(Data under study Opens)

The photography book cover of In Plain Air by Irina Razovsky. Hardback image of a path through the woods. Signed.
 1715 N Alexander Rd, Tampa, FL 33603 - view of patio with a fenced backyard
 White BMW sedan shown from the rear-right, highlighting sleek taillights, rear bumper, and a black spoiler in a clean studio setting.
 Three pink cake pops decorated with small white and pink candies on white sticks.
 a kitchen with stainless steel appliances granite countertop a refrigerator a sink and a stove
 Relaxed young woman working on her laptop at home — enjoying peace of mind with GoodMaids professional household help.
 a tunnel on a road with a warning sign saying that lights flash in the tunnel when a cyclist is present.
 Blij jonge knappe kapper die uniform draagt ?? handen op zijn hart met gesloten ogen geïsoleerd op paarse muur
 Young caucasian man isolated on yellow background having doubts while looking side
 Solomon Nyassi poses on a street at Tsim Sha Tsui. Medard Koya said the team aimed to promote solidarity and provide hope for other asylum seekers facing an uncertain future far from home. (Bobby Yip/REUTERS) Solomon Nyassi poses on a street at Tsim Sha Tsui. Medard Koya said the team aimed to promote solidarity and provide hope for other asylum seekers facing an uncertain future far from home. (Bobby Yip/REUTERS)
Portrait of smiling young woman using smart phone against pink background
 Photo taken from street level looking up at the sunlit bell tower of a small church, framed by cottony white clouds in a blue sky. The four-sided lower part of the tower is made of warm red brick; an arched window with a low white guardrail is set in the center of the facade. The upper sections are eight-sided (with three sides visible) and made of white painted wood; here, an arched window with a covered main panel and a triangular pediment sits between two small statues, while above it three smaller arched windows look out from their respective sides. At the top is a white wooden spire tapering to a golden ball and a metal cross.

(Data under study Closes)

-- Your task --
Scan the lines above for the word "with", then copy each line that has it.

-- Written solution --
 1715 N Alexander Rd, Tampa, FL 33603 - view of patio with a fenced backyard
 Three pink cake pops decorated with small white and pink candies on white sticks.
 a kitchen with stainless steel appliances granite countertop a refrigerator a sink and a stove
 Relaxed young woman working on her laptop at home — enjoying peace of mind with GoodMaids professional household help.
 a tunnel on a road with a warning sign saying that lights flash in the tunnel when a cyclist is present.
 Photo taken from street level looking up at the sunlit bell tower of a small church, framed by cottony white clouds in a blue sky. The four-sided lower part of the tower is made of warm red brick; an arched window with a low white guardrail is set in the center of the facade. The upper sections are eight-sided (with three sides visible) and made of white painted wood; here, an arched window with a covered main panel and a triangular pediment sits between two small statues, while above it three smaller arched windows look out from their respective sides. At the top is a white wooden spire tapering to a golden ball and a metal cross.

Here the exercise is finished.